Problem.
All of the data should be given again word for word, though the images are to be left out.

Data shown.
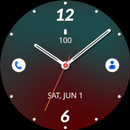 Green Red Analogue Watch Face APK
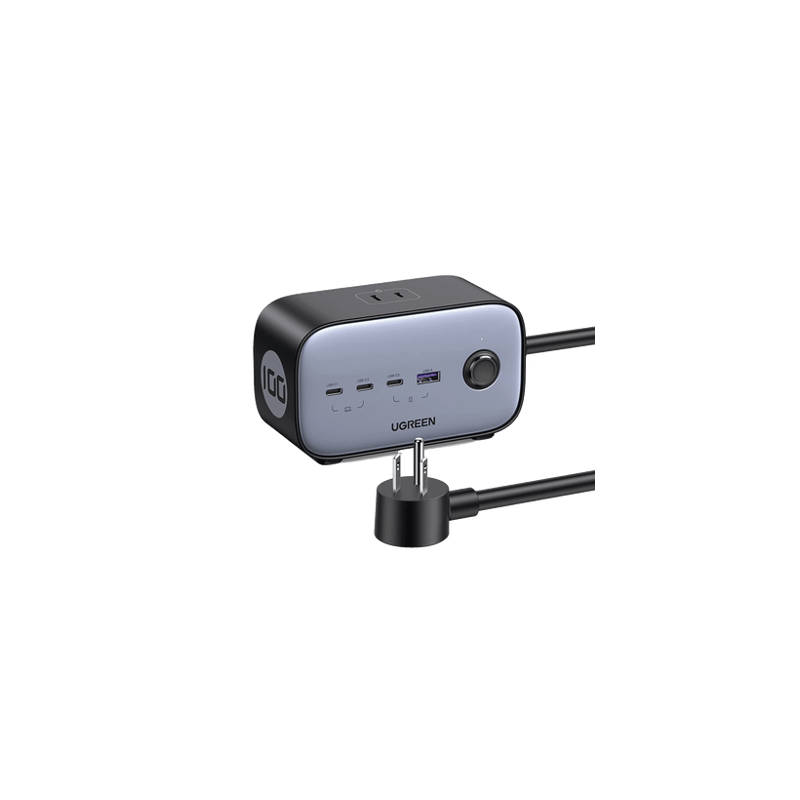Cargador de Escritorio y Tomacorriente Múltiple  3 Puertos USB-C  1 Pu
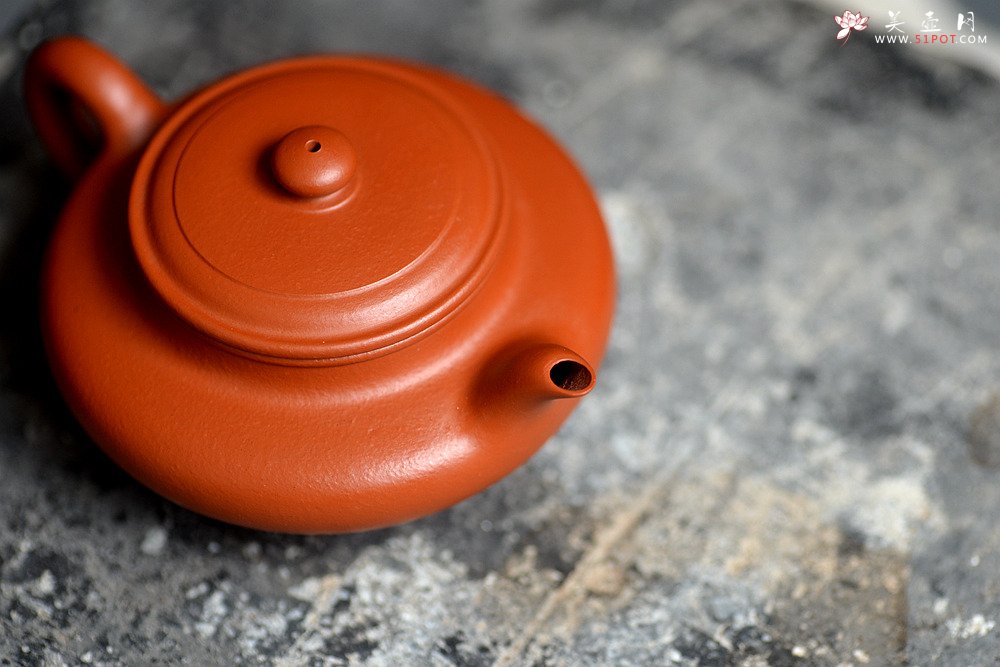 紫砂壶图片：美壶特惠 性价比极高 传统实用 优质朱泥~~虚扁 - 宜兴紫砂壶网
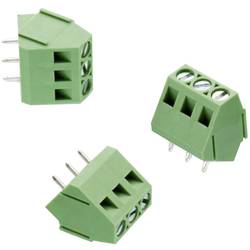 Skrutkovacia svorka Würth Elektronik WR-TBL 211 691211720003, 3.31 mm², Počet pinov 3, zelená, 1 ks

Answer area.
 Green Red Analogue Watch Face APK
Cargador de Escritorio y Tomacorriente Múltiple  3 Puertos USB-C  1 Pu
 紫砂壶图片：美壶特惠 性价比极高 传统实用 优质朱泥~~虚扁 - 宜兴紫砂壶网
 Skrutkovacia svorka Würth Elektronik WR-TBL 211 691211720003, 3.31 mm², Počet pinov 3, zelená, 1 ks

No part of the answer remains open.